→ EXERCISE REQUIREMENTS
All entries are to be retyped without alteration.

━━━━━━━━

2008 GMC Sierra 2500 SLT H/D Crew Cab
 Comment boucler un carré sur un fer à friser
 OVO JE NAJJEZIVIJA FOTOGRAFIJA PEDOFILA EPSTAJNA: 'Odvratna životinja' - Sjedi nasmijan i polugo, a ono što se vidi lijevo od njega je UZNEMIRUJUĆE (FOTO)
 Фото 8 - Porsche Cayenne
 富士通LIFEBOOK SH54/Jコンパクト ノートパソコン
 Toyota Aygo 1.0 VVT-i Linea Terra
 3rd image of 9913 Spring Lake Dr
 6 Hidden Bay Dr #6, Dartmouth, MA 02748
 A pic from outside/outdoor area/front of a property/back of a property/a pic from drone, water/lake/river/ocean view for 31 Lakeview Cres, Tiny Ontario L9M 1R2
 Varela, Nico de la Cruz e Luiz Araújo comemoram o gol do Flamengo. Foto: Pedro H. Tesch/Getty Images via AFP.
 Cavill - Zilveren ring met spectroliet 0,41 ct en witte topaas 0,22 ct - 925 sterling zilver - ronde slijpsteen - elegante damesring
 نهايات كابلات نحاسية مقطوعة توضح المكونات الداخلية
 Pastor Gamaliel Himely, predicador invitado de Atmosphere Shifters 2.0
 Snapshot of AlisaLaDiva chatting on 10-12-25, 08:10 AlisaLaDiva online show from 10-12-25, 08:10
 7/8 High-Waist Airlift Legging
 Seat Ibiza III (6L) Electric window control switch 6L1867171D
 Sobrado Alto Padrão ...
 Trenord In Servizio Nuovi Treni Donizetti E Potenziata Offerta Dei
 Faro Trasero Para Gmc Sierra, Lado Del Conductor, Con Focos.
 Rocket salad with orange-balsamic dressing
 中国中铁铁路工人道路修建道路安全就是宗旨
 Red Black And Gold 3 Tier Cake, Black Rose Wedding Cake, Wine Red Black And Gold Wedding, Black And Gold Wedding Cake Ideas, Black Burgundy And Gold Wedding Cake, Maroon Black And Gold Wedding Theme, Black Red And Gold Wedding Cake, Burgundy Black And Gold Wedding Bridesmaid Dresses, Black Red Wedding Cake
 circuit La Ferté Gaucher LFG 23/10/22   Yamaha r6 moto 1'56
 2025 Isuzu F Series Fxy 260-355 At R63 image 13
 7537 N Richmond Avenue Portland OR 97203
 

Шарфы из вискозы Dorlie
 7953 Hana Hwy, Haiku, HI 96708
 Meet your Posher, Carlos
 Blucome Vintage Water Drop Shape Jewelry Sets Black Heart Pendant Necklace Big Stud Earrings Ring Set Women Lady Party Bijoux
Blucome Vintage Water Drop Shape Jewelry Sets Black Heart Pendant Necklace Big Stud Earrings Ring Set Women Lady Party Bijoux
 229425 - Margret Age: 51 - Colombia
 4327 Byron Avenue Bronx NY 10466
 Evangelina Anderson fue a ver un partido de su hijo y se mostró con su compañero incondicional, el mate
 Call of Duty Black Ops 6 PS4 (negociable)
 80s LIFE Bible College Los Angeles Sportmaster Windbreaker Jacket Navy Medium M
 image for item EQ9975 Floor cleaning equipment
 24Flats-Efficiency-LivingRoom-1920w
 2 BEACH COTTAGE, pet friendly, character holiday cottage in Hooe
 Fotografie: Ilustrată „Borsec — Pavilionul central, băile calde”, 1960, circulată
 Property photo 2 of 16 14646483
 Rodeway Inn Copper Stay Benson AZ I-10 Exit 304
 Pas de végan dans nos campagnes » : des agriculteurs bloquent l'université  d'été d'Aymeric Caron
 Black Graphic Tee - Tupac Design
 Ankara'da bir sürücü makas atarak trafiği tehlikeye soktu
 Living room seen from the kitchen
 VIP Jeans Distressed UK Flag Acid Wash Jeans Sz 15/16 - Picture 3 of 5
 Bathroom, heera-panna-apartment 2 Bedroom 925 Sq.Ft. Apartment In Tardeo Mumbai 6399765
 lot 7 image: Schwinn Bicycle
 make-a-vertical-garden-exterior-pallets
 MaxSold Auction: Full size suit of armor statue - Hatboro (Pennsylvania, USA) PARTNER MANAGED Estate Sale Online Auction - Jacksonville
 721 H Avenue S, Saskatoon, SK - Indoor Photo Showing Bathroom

━━━━━━━━

→ OUTPUT OF THE EXERCISE
2008 GMC Sierra 2500 SLT H/D Crew Cab
 Comment boucler un carré sur un fer à friser
 OVO JE NAJJEZIVIJA FOTOGRAFIJA PEDOFILA EPSTAJNA: 'Odvratna životinja' - Sjedi nasmijan i polugo, a ono što se vidi lijevo od njega je UZNEMIRUJUĆE (FOTO)
 Фото 8 - Porsche Cayenne
 富士通LIFEBOOK SH54/Jコンパクト ノートパソコン
 Toyota Aygo 1.0 VVT-i Linea Terra
 3rd image of 9913 Spring Lake Dr
 6 Hidden Bay Dr #6, Dartmouth, MA 02748
 A pic from outside/outdoor area/front of a property/back of a property/a pic from drone, water/lake/river/ocean view for 31 Lakeview Cres, Tiny Ontario L9M 1R2
 Varela, Nico de la Cruz e Luiz Araújo comemoram o gol do Flamengo. Foto: Pedro H. Tesch/Getty Images via AFP.
 Cavill - Zilveren ring met spectroliet 0,41 ct en witte topaas 0,22 ct - 925 sterling zilver - ronde slijpsteen - elegante damesring
 نهايات كابلات نحاسية مقطوعة توضح المكونات الداخلية
 Pastor Gamaliel Himely, predicador invitado de Atmosphere Shifters 2.0
 Snapshot of AlisaLaDiva chatting on 10-12-25, 08:10 AlisaLaDiva online show from 10-12-25, 08:10
 7/8 High-Waist Airlift Legging
 Seat Ibiza III (6L) Electric window control switch 6L1867171D
 Sobrado Alto Padrão ...
 Trenord In Servizio Nuovi Treni Donizetti E Potenziata Offerta Dei
 Faro Trasero Para Gmc Sierra, Lado Del Conductor, Con Focos.
 Rocket salad with orange-balsamic dressing
 中国中铁铁路工人道路修建道路安全就是宗旨
 Red Black And Gold 3 Tier Cake, Black Rose Wedding Cake, Wine Red Black And Gold Wedding, Black And Gold Wedding Cake Ideas, Black Burgundy And Gold Wedding Cake, Maroon Black And Gold Wedding Theme, Black Red And Gold Wedding Cake, Burgundy Black And Gold Wedding Bridesmaid Dresses, Black Red Wedding Cake
 circuit La Ferté Gaucher LFG 23/10/22   Yamaha r6 moto 1'56
 2025 Isuzu F Series Fxy 260-355 At R63 image 13
 7537 N Richmond Avenue Portland OR 97203
 

Шарфы из вискозы Dorlie
 7953 Hana Hwy, Haiku, HI 96708
 Meet your Posher, Carlos
 Blucome Vintage Water Drop Shape Jewelry Sets Black Heart Pendant Necklace Big Stud Earrings Ring Set Women Lady Party Bijoux
Blucome Vintage Water Drop Shape Jewelry Sets Black Heart Pendant Necklace Big Stud Earrings Ring Set Women Lady Party Bijoux
 229425 - Margret Age: 51 - Colombia
 4327 Byron Avenue Bronx NY 10466
 Evangelina Anderson fue a ver un partido de su hijo y se mostró con su compañero incondicional, el mate
 Call of Duty Black Ops 6 PS4 (negociable)
 80s LIFE Bible College Los Angeles Sportmaster Windbreaker Jacket Navy Medium M
 image for item EQ9975 Floor cleaning equipment
 24Flats-Efficiency-LivingRoom-1920w
 2 BEACH COTTAGE, pet friendly, character holiday cottage in Hooe
 Fotografie: Ilustrată „Borsec — Pavilionul central, băile calde”, 1960, circulată
 Property photo 2 of 16 14646483
 Rodeway Inn Copper Stay Benson AZ I-10 Exit 304
 Pas de végan dans nos campagnes » : des agriculteurs bloquent l'université  d'été d'Aymeric Caron
 Black Graphic Tee - Tupac Design
 Ankara'da bir sürücü makas atarak trafiği tehlikeye soktu
 Living room seen from the kitchen
 VIP Jeans Distressed UK Flag Acid Wash Jeans Sz 15/16 - Picture 3 of 5
 Bathroom, heera-panna-apartment 2 Bedroom 925 Sq.Ft. Apartment In Tardeo Mumbai 6399765
 lot 7 image: Schwinn Bicycle
 make-a-vertical-garden-exterior-pallets
 MaxSold Auction: Full size suit of armor statue - Hatboro (Pennsylvania, USA) PARTNER MANAGED Estate Sale Online Auction - Jacksonville
 721 H Avenue S, Saskatoon, SK - Indoor Photo Showing Bathroom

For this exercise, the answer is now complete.